(Data block)
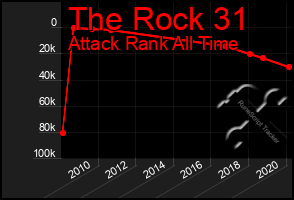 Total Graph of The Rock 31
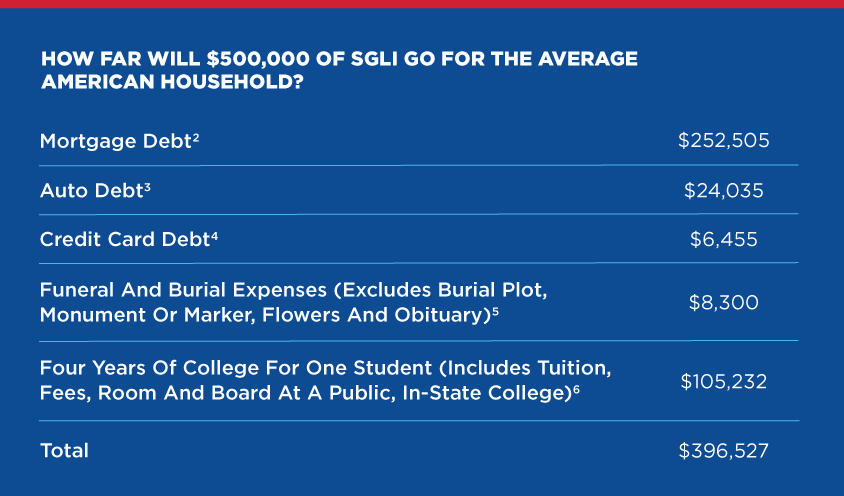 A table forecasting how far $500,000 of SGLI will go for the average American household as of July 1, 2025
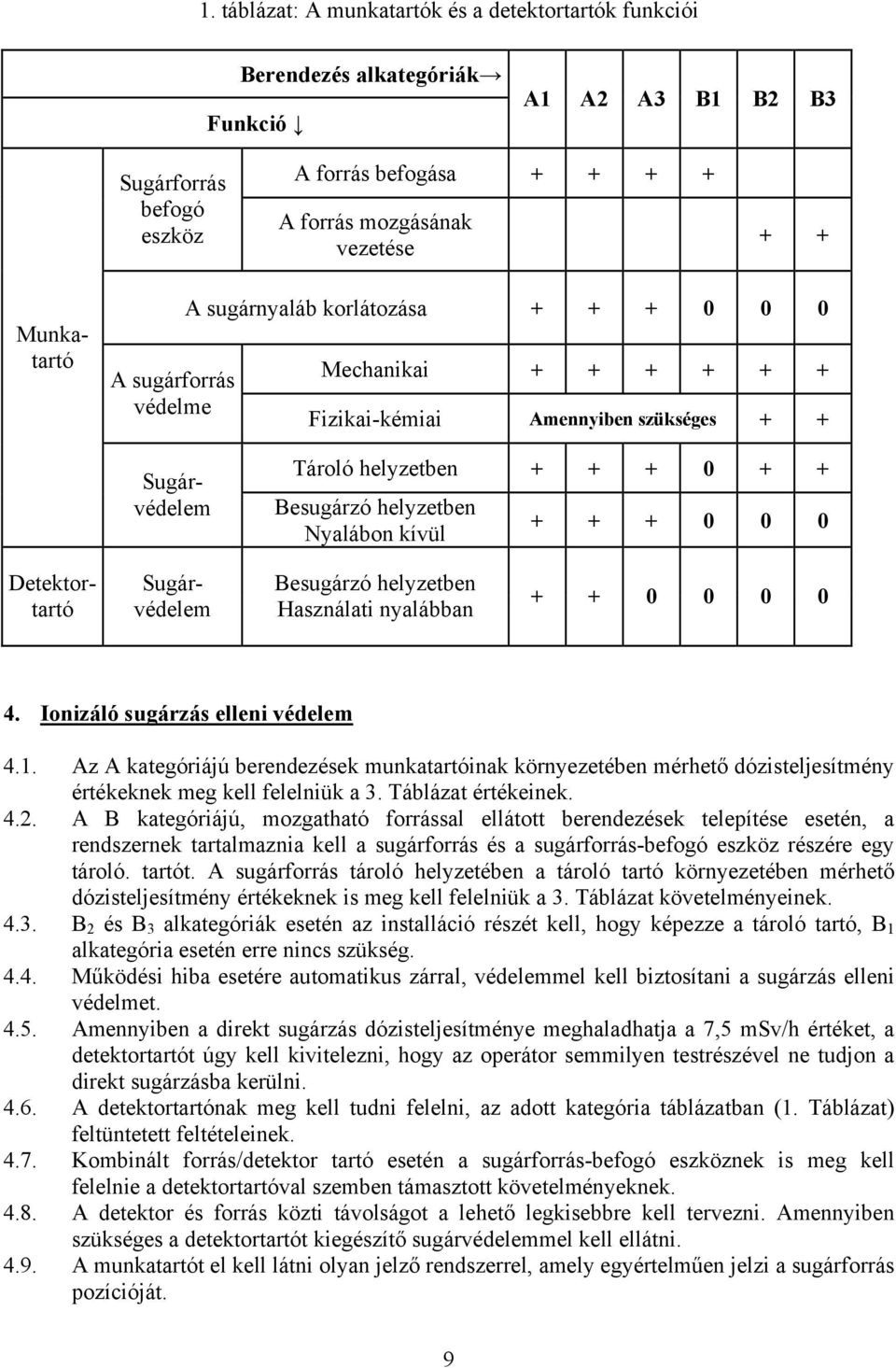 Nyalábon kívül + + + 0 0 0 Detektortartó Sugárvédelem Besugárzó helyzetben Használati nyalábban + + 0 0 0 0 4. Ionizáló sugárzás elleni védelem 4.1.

(Exercise description) Drop every picture from the data, then output all the rest exactly.

(Reply)
 Total Graph of The Rock 31
 A table forecasting how far $500,000 of SGLI will go for the average American household as of July 1, 2025
 Nyalábon kívül + + + 0 0 0 Detektortartó Sugárvédelem Besugárzó helyzetben Használati nyalábban + + 0 0 0 0 4. Ionizáló sugárzás elleni védelem 4.1.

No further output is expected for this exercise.